NASA’s Curiosity rover has successfully drilled its first rock on Mars, officials at the Jet Propulsion Laboratory announced over the weekend.
The drill’s use is a Martian landmark -- the first time scientists have drilled into the surface. It's a key moment for for the Mars Science Laboratory mission as well, marking a coming of age of sorts for the rover. Since landing on the Red Planet on Aug. 5, Curiosity has tested each of its instruments, from its many cameras to its laser-zapping instrument called ChemCam, and the drill's use is the grand finale of the show.

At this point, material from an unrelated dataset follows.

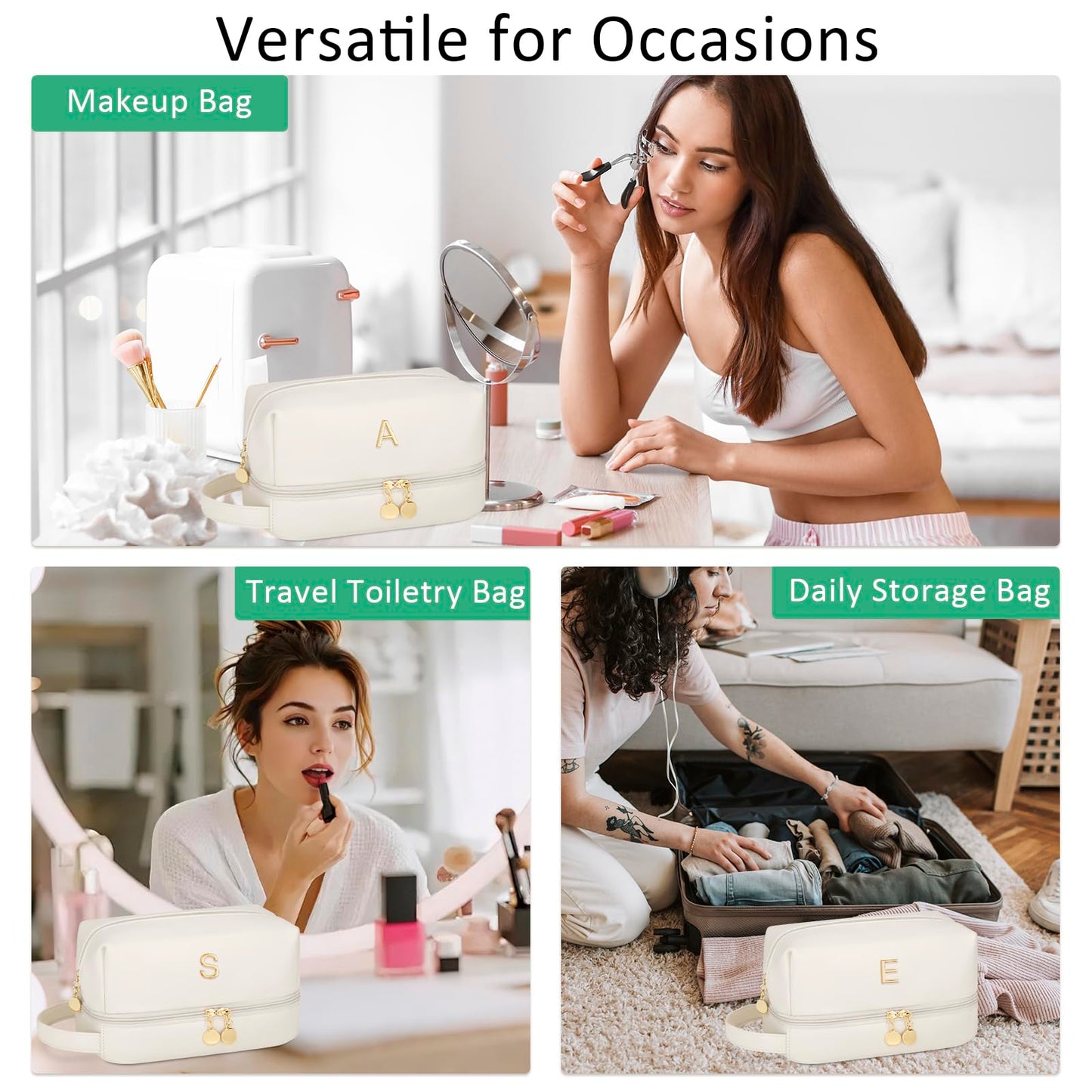 CLOUDWINGS Initial Makeup Bag for Women - Personalized Double Layer Cosmetic Bags with Makeup Brush Organizer, Hanging Travel Toiletry Bag with Large Capacity, Gifts for Mom Girlfriend Wife（Beige M）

Curiosity's drill is part of what makes this rover such a giant step up from its Martian predecessors Spirit and the still-running Opportunity, which landed in 2004. Unlike those twin rovers, Curiosity can actually sample rock, then carefully drop it into a hole in its body. Inside, a chemical lab made up of the Sample Analysis at Mars instrument and the Chemistry and Mineralogy instrument will analyze it (also a first for Martian science). A sieve will keep out any particles larger than six-thousandths of an inch.
The drill, which sits on the end of Curiosity’s instrument-laden arm, bored a 0.63-inch hole some 2.5 inches deep into a patch of sedimentary bedrock – fine-grained rock that could contain clues from past wet environments. The rock powder from this hole will be processed and analyzed by the suite of instruments in its belly.